ZeroVulnerabilityLabs ExploitShield

I am never seeing "Internet Explorer is now protected" in either the logs tab of the GUI or the log file located at "C:\Program Files\ZeroVulnerabilityLabs\ExploitShield\exploitshield.log". If I happen to run Adobe Reader or Java inside of IE, I do get a "is now protected" entry for those. I assume for IE to be protected that a DLL is injected into IE (C:\Program Files\ZeroVulnerabilityLabs\ExploitShield\ExploitShield.dll or ExploitShield64.dll), however this is not the case. Checking on the driver (C:\Program Files\ZeroVulnerabilityLabs\ExploitShield\ExploitShield64.sys), it is indeed running. From this information, it appears to me that IE is not being protected (IE9 with Vista HP x64). I feel uncomfortable because of this trying to run an exploit that ES is known to block. Is there some way that I can verify that IE is actually being protected or not? I want to discard EMET but am hesitant until I know I am being protected.

 

We just updated the known CVEs list that are blocked by ExploitShield including the latest Adobe Flash Player (CVE-2012-5248 through 5272) and Google Chrome vulns:
http://www.zerovulnerabilitylabs.com/home/technology/success-stories-cve/

All of these new Flash Player vulns are blocked by ExploitShield.

 

Can you please PM a DDS log while you have ES and IE running?

Also ExploitShield uses different techniques than EMET so both are compatible. To achieve the highest possible protection against exploits its best to keep both.

 

PM sent...

 

In your recent list of exploits posted at your support forum, I tried going to the following. See google search here

 

Maybe its down already or maybe your router/ISP/upstream killed the connection as it is probably listed in all blacklisting security signatures by now.

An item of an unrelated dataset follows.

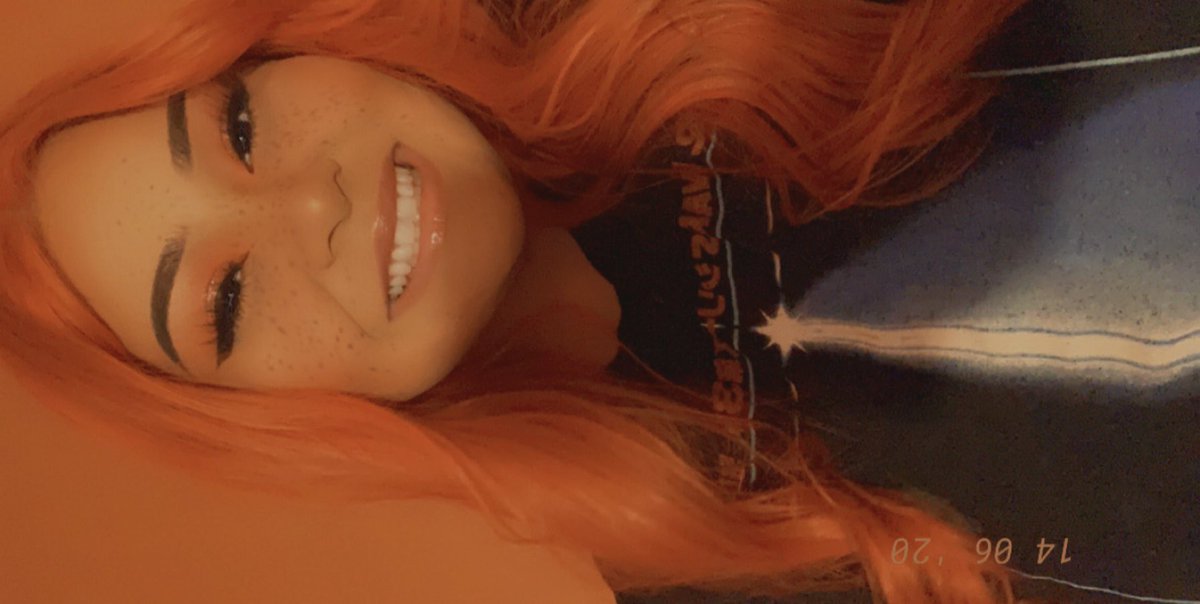 Girl look how orange I fucking look 😅🍊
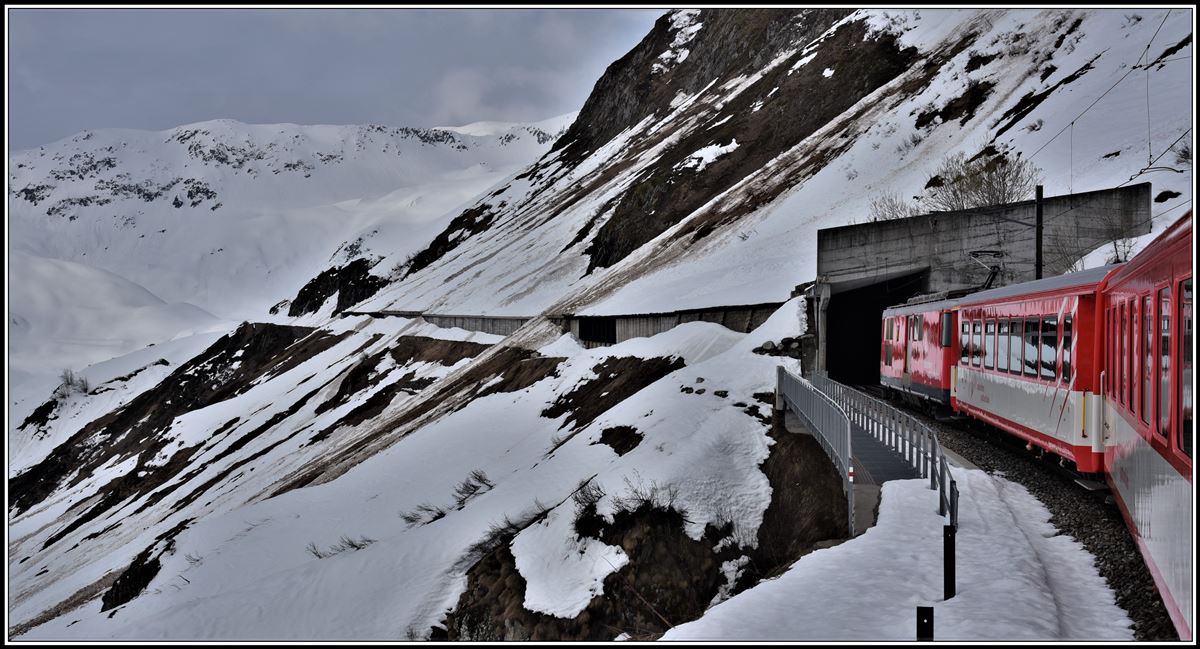 R823 mit Deh 4/4 21 nach Andermatt oberhalb von Tschamutt. (10.04.2019)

Try some of the more recently listed entries.

 

So far, I have not seen ES react to anything on my system. I don't think I will ever see it react , due to my surfing habits. My computer sems to be a malware-free zone.

 

Funnily, as I was preparing my post above, I got a popup from SSM which I have never seen before. I blocked it.

 

Trying out this program now.

 

Any conflict with Sandboxie?

 

That's not the way to look at it. I think what he was trying to convey was that as of yet there's no compatibility for ExploitShield in Sandboxie. So it won't protect you in a sandboxed session right now. I have no doubt that when there's a final/stable build of ES and it's out of beta phase that Tzuk will add compatibility for it in a future update. I'm personally waiting until then to use ES.

 

None so far.

 

Wonderful news & two doses. This is what becomes of a bloke when he gets attached to cyber pets like SandboxiE & DefenseWall & so on.

 

There is NO SB - if you run ExploitShield your browser already enjoys "virtual protection." Two are redundant. But I thought you knew that already!

 

Generally speaking, excluding all exe's purposely dowloaded, is ES strong enough to be used with no other real time protection of any kind, in regards to internet infections via web browsers?

 

Please remember this is still beta and as such not a finished product. There's still bugs to fix and improvements to be made.

 

Yea, I should have been clearer, When this app is final, and has been up and running, is the goal to make it strong enough to protect browsers all by itself.

 

when EShield is finalized will it be expected to be superior to SBoxiE in browser security, stopping exploits that SB cannot (not that I'm aware of any)? Or will it be a case of pick either, both will deliver the same level of security?

 

From browser-based exploits, yes, that's the idea. But not from other things such as EXE downloads, phishing, etc.

 

Why not offer a deny execute/traverse folder ACL to set on download folder of the browser when installing the free browser version. With Chrome's sandbox, an ACL on the download folder and the exploit protection of the freebie, what possibly could go wrong for most users?

 

http://www.zerovulnerabilitylabs.com/forum/viewtopic.php?f=13&t=61

According to the above article exploitshield can be easily bypassed. As far as technology of the software I am sold. Some insight on the technology after the patent is granted will be good.

 

will exploitshield work better if the technology is implanted in the software it protects. Have you got any offer by any company for your software? If yes then who?

 

The issue from the forum has already been fixed and will be included once beta2 comes out.

It would not make much sense to apply the technology to ExploitShield itself. ExploitShield makes use of DEP and ASLR for those type of protections.

Regarding offers, I'm sure you must realize that we are not going to discuss internal company details publicly, don't you

 

Though I am not a developer but I think Mircrosoft should sponsor your software and then you will have more brains. As they say 2 is better than 1

 

So, Microsoft would one more brain? LOL Seriously, Microsoft is debatably like the Titanic and unable to get out of its' own way. I'm grateful for smaller developers.